This year USAID worker and her team are one of the finalists for the 2013 National Security and International Affairs Medal, one of the eight Sammies medal categories. Cara Christie and USAID’s Horn Drought Emergency Response Team are among the finalists in this category for their tireless endeavors in leading the relief effort following the drought in Ethiopia, Somalia, and Kenya in the Horn of Africa. Christie coordinated the relief effort from her office in Washington D. C.,  providing immediate emergency relief to the affected countries and enacting methods to improve their agrarian economies after they had been decimated by three years of the worst drought that the Horn of Africa has ever seen.

Not only did Christie lead the relief efforts, but she is credited with recognizing the significance of the impending famine almost a year before it unfolded. Christie convinced her superiors in USAID of the need to be proactive by making advance preparations in the fall of 2010—a move that hastened aid to the region and saved lives. Christie used lessons learned from other drought response situations to come up with a program pairing health, nutrition, water, and sanitation program with food and voucher programs that helped repair the damaged economies in the Horn of Africa.

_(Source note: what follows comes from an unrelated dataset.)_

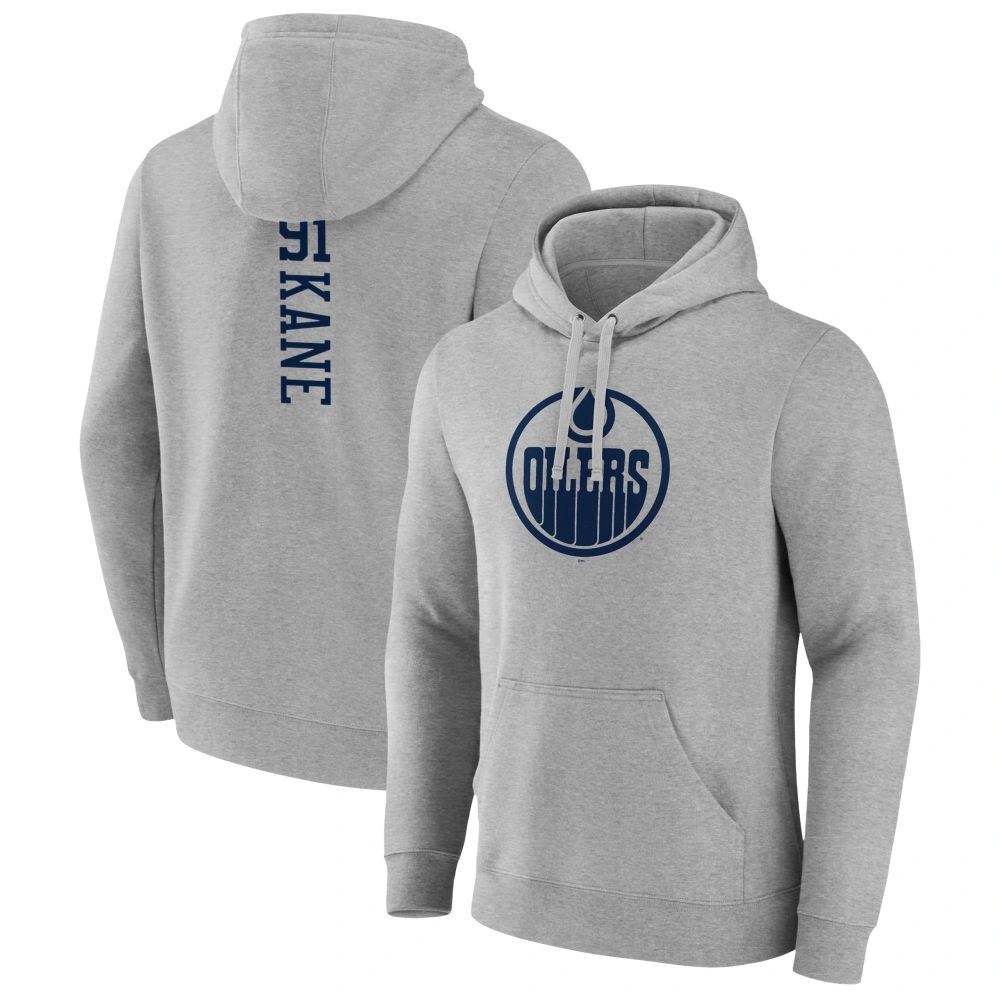 Men's Edmonton Oilers Heather Gray Evander Kane Player Pullover Hoodie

It may seem strange that an award given for service to the United States could be received by a team dedicated to giving relief to another country, but in reality Christie’s actions were crucial to U.S. national security interests. The Horn of Africa represents one of the regions of the world that most threatens U.S. national security because it houses some of the most conflict prone states in the world, including Somalia, Eritrea, and Ethiopia. It also is in close proximity to Yemen, a major center of U.S. counterterrorism action. The U.S. also houses the military base Camp Lemonnier in Djibouti on the Horn of Africa, which serves as the most important staging ground for U.S. counterterrorism efforts in Africa and the Arabian Peninsula.

Aid efforts in the region, along with in the rest of the world, contribute to stability and thereby hold radicalization at bay, furthering U.S. interests, and making the U.S. more secure.